Merging is an (almost3) irreversible operation and its destructive effects should not be overlooked. The purpose of merging is to combine answers under one question. Whether the moved answers will help more people in their new home is hard to predict, but if the target question is much-viewed, and the answer of good quality, then merging may bring the answer to a wider audience. However, merging effectively destroys the source question, answers with accepts to it lose their accepts, and users whose answers are moved by a merge are not notified4.
I have suggested that merging may be indicated where
- there are different, good answers to two questions (this condition I consider satisfied in this case)
- the questions are absolutely identical or one is of such low quality that it adds nothing to the other (this condition I consider not satisfied, but perhaps satisfiable)
You did not suggest a direction for merging, but you implied in chat that you favour kyodake's answer, so I suppose you would favour merging the currently open question into the currently closed one.

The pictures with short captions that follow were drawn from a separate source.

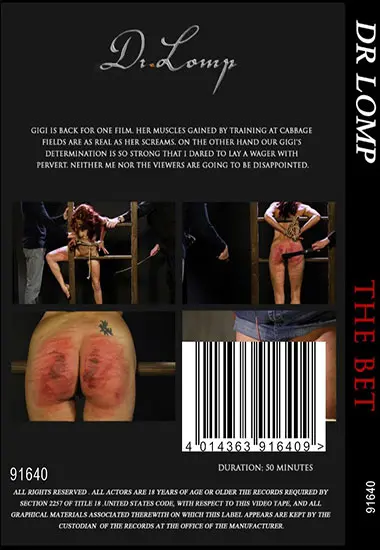 DR. LOMP - The Bet | Belrose | DVD(back cover)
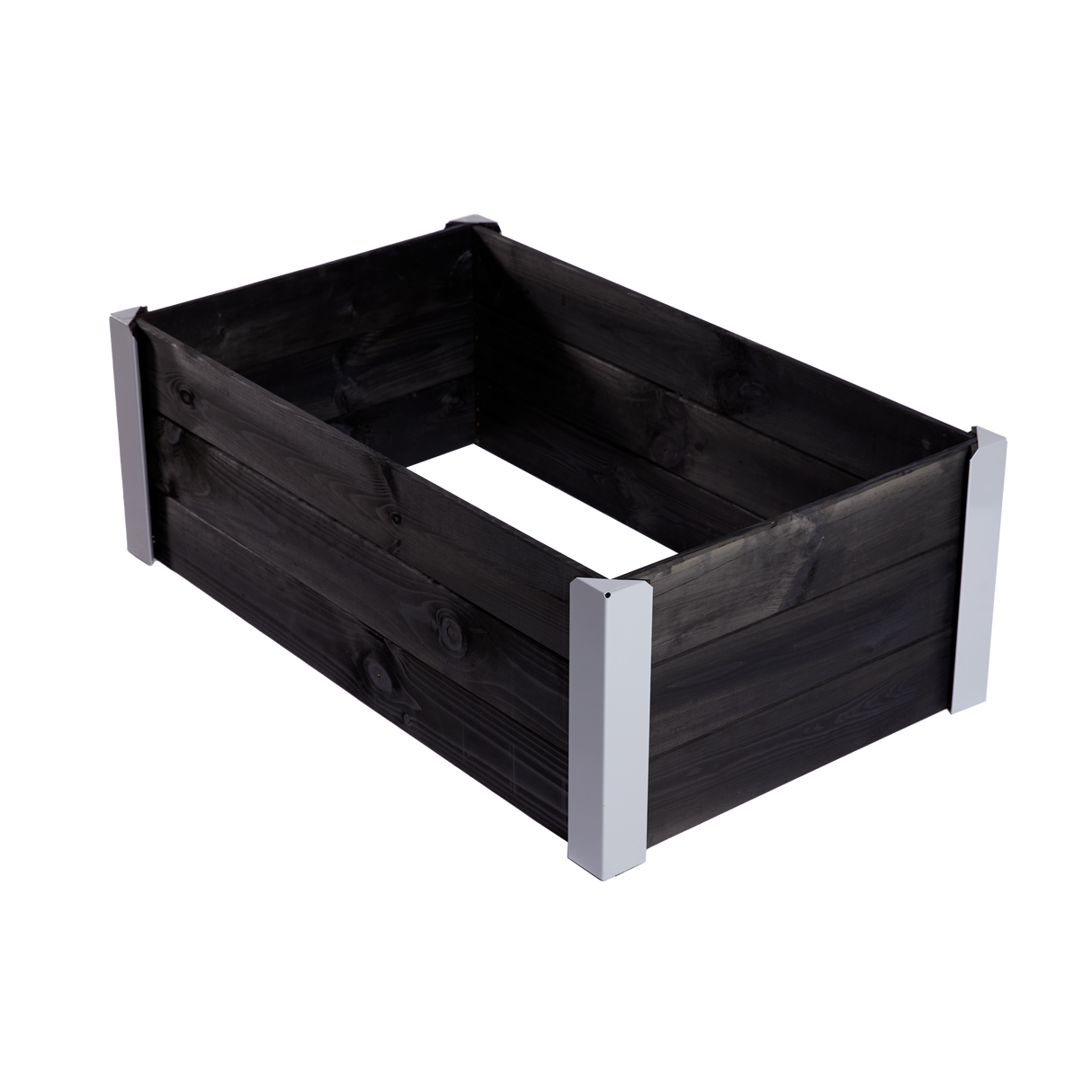 Kapilærskjuler gundmalet træ, sort med metalhjørner 33 x 93 x 53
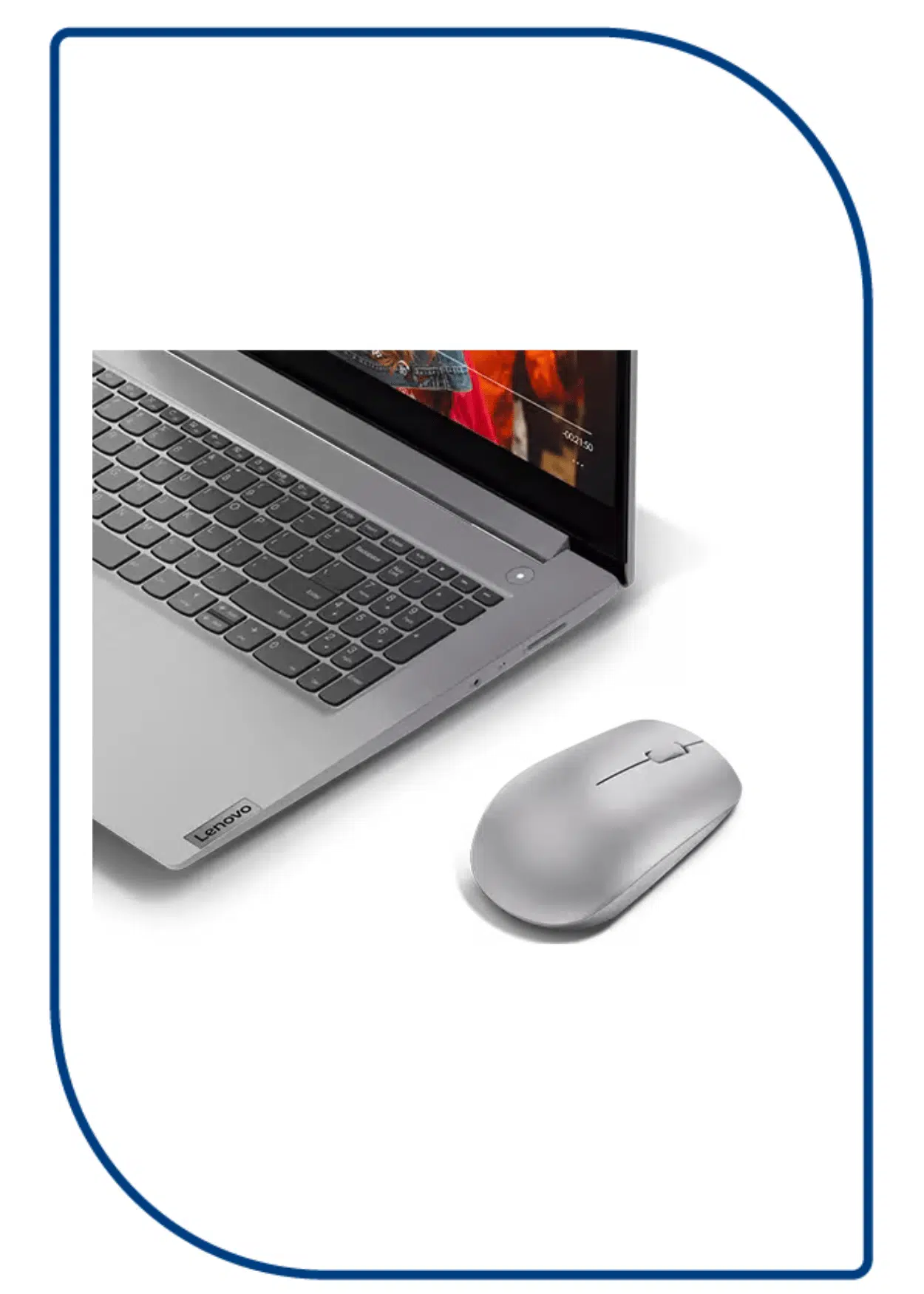 Lenovo 530 Wireless Mouse 1200 DPI - Platinum Grey (GY50Z18984) GY50Z18984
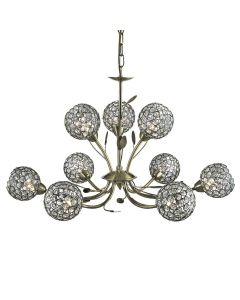 Searchlight Bellis 2 5579-9AB antiek bronzen kroonluchter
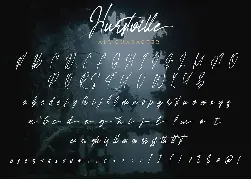 Hurstville - Brush Signature Font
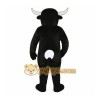 Black Cow Mascot Costume Black Cow Mascot Costume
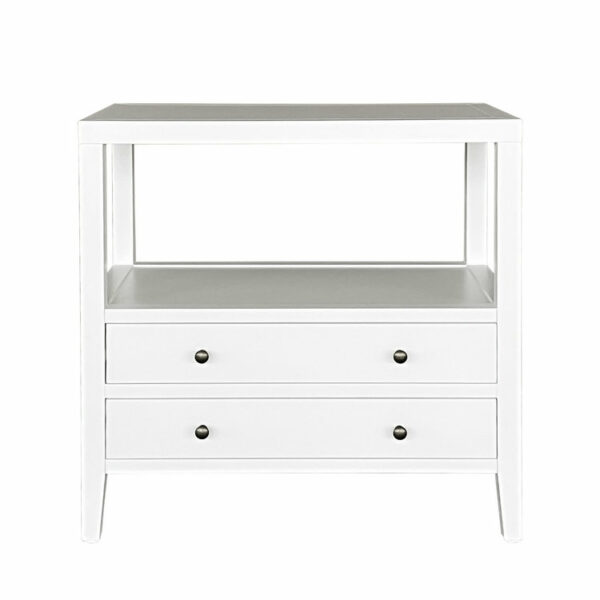 Modern White Bedside Table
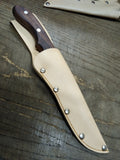Cobra Stainless Steel 11" Fixed Blade Bowie Hunting Knife Leather Sheath Japan 2
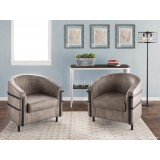  LumiSource Colby Tub Chair - STONE - Lifestyle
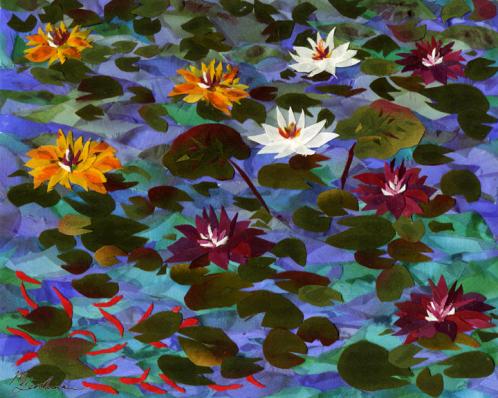 The Garden Pond - Marina Gershman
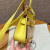 Hermes Jige Elan 29 Clutch Swift Bleu Paon (7F) Yellow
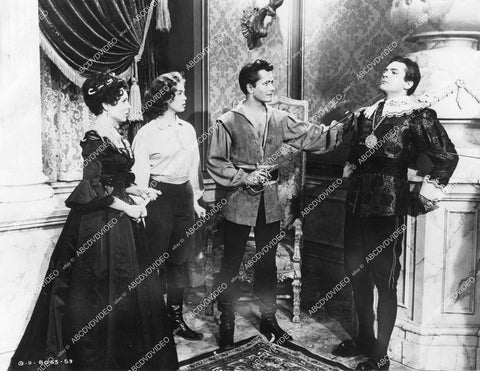 crp-15659 1953 John Derek, Barbara Rush, Carla Balenda, Whitfield Connor film Prince of Pirates crp-15659
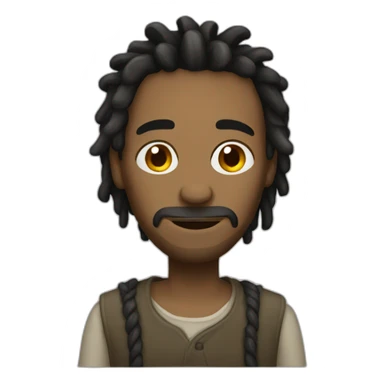 man with dread sticker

If the merge took place in the other direction, kyodake's answer would no longer be accepted and would appear below Rinzwind's answer although the latter has a lower score. As I have already argued, I think that the target question is more general, so if the merge from open to closed were to be effected, I think it would be necessary to change the title to avoid specifically requesting a command rather than some method. This action seems acceptable to me, but I would prefer to leave the questions as they are, because I can see some value in the contextualisation provided by "is there a command to do [thing]?", and there is some magic in this particular question that causes it to be found by visitors :)
TL;DR: let us favour the creation of answers
Let's not reverse the close direction
The closed question's possible answers are a subset of the open question's possible answers. Therefore, to encourage more answers, the most general question should remain open (maybe we should think about changing its title though?).

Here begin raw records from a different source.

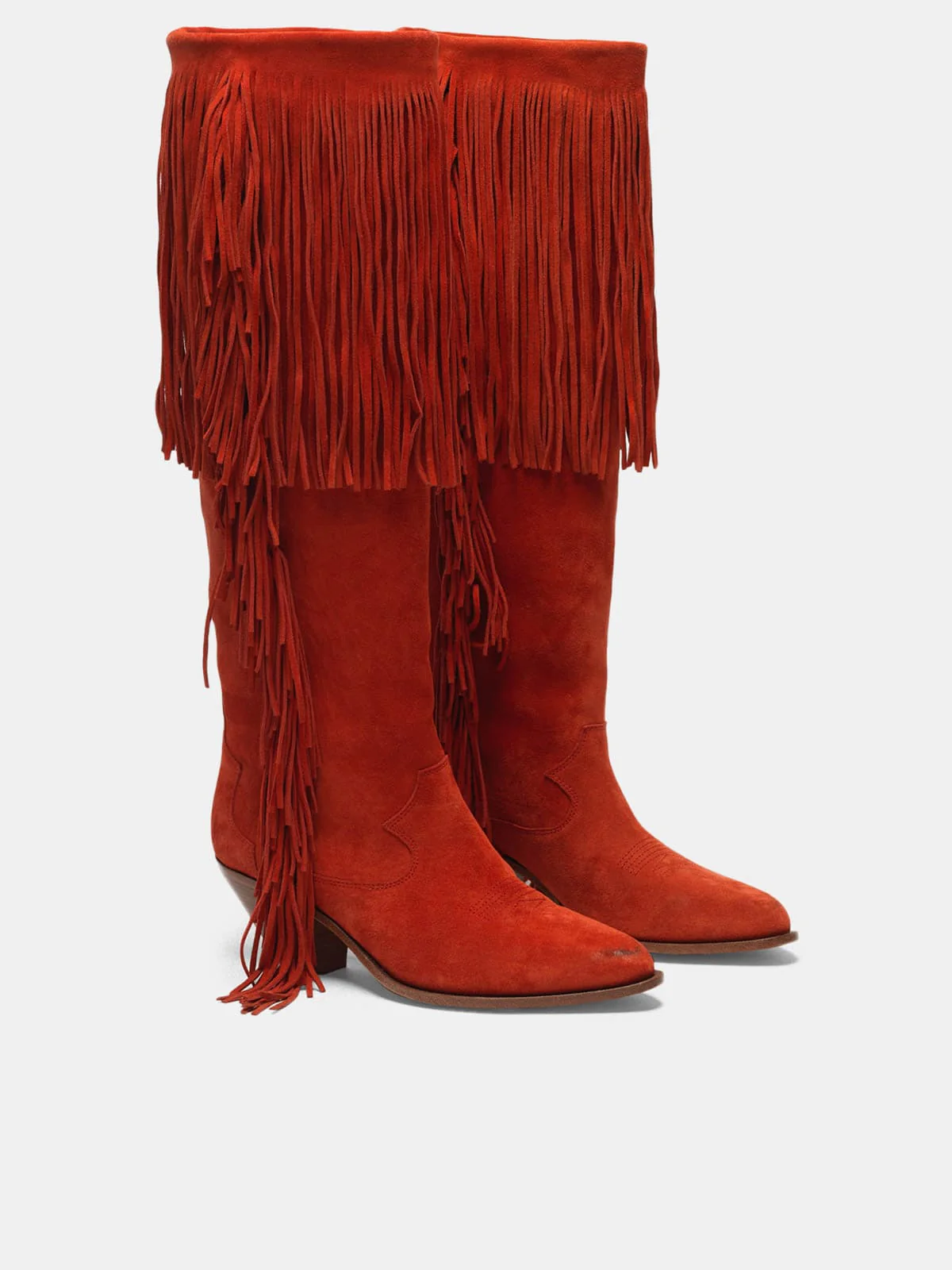 Women | Levriero Ankle Boots Suede Leather with Fringes (V2) - Image 6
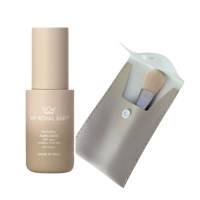 MYROYALBABY Přírodní opalovací krém SPF 50+, + kartáček s pouzdrem, 50 ml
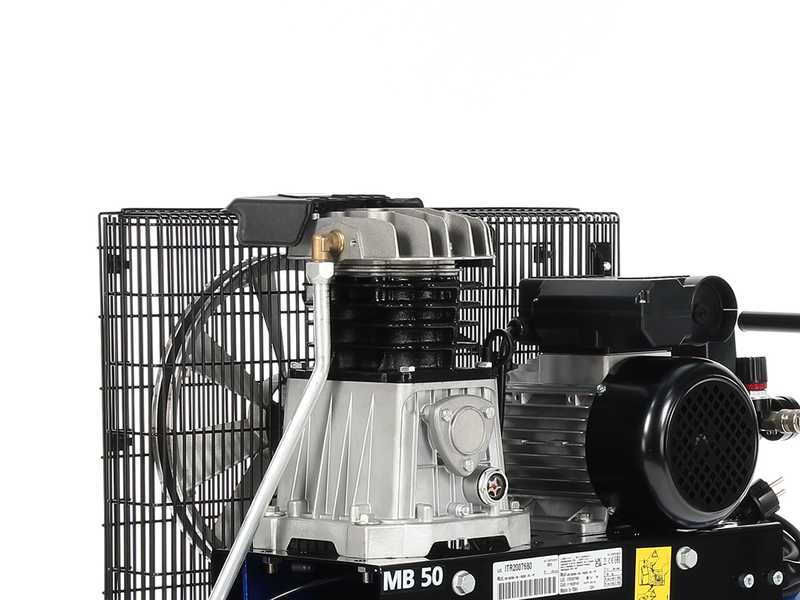 Michelin MB 50/268 MC - Compressore aria elettrico a cinghia - Motore 2 HP - 50 lt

Let's not merge, or if we do, change the title
To make sure all the possible useful answers to these questions remain valid, the open/surviving question should not ask specifically for a command, but asking for a command specifically perhaps deserves its own question (I think I'd rather reopen it than destroy it with a merge), and the existing question that asks for a command has some alchemy that attracts visitors. If a merge is performed, let the surviving question be retitled How can I factory reset Ubuntu?

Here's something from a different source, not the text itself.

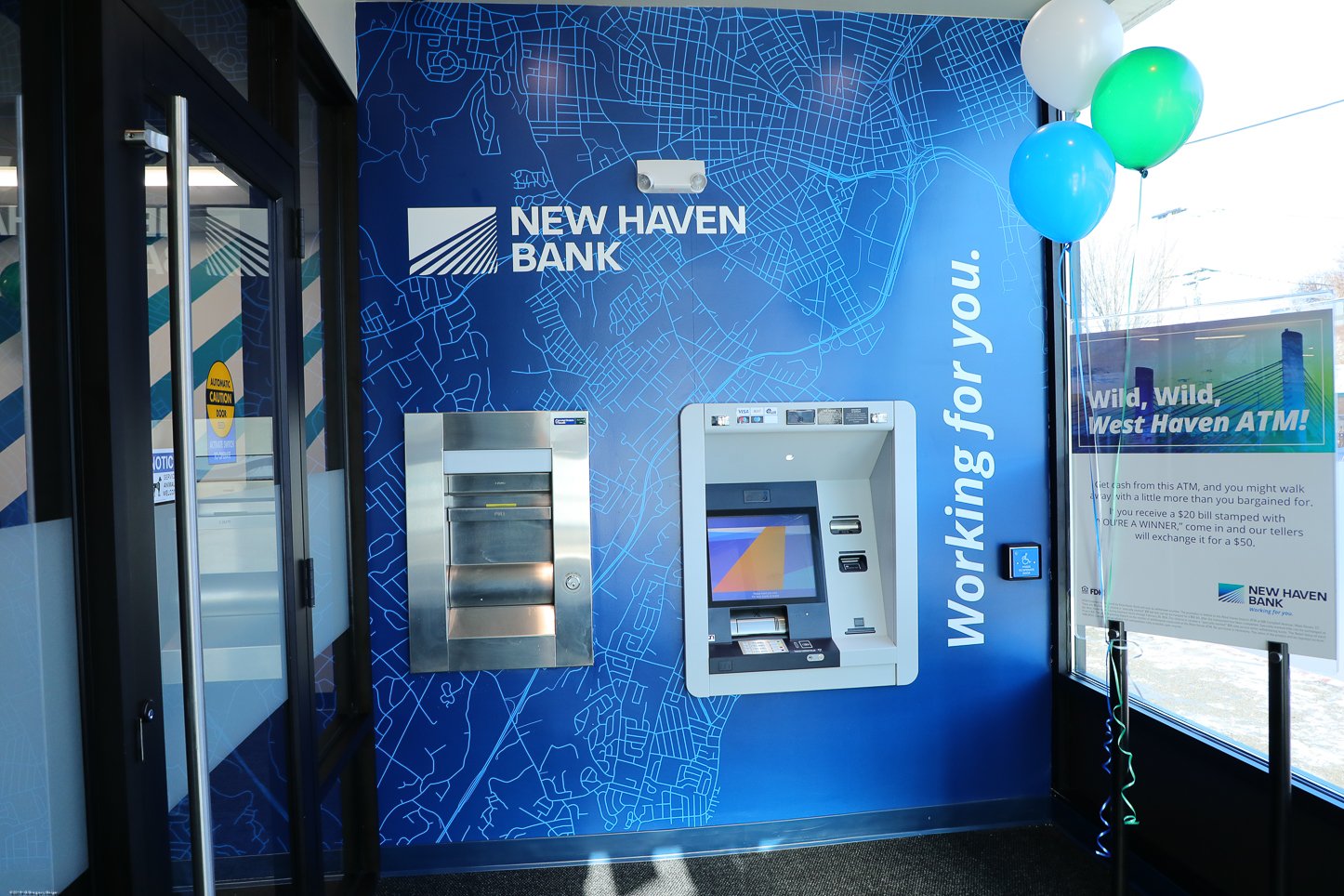 New Haven Bank Ribbon Cutting, photos by Greg Geiger Milford Regional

Let's get a better answer for this topic
I think that Resetting Ubuntu to factory settings would benefit from an answer that explains at beginner level that Ubuntu does not have a factory reset per se, but discusses various ways a system can be recovered, linking to high quality posts on methods for different situations and summarising them, and/or giving easy to follow instructions on how to do them. If this meta answer is well received, I will bounty this question to encourage such an answer (or if someone preempts me, I will award one retrospectively :) ).
1 Also, posts closed as duplicate which have no answers will auto-redirect to their targets for unregistered users.
2 Anonymous votes are misnamed, because all votes are very nearly anonymous. These votes are the ones cast by users whose votes do not affect the score of the post. This applies to all votes by unregistered visitors (and people who haven't signed in), upvotes cast by users with less than 15 reputation, and downvotes cast by users with less than 125 reputation. Perhaps I should call them something else, like "silent votes" or "soft votes" or "non-scoring votes".
3 As far as I know it is possible by directly rewriting the relevant parts of the database, but this could only be done by community managers (SE employees) and they probably wouldn't be very happy to have that extra work.
4 There have been a few feature requests on MSE for that to be changed. Meanwhile you can use this query to find any answers of your own which have been moved by a merge and check they they don't require editing to make sense in their new context.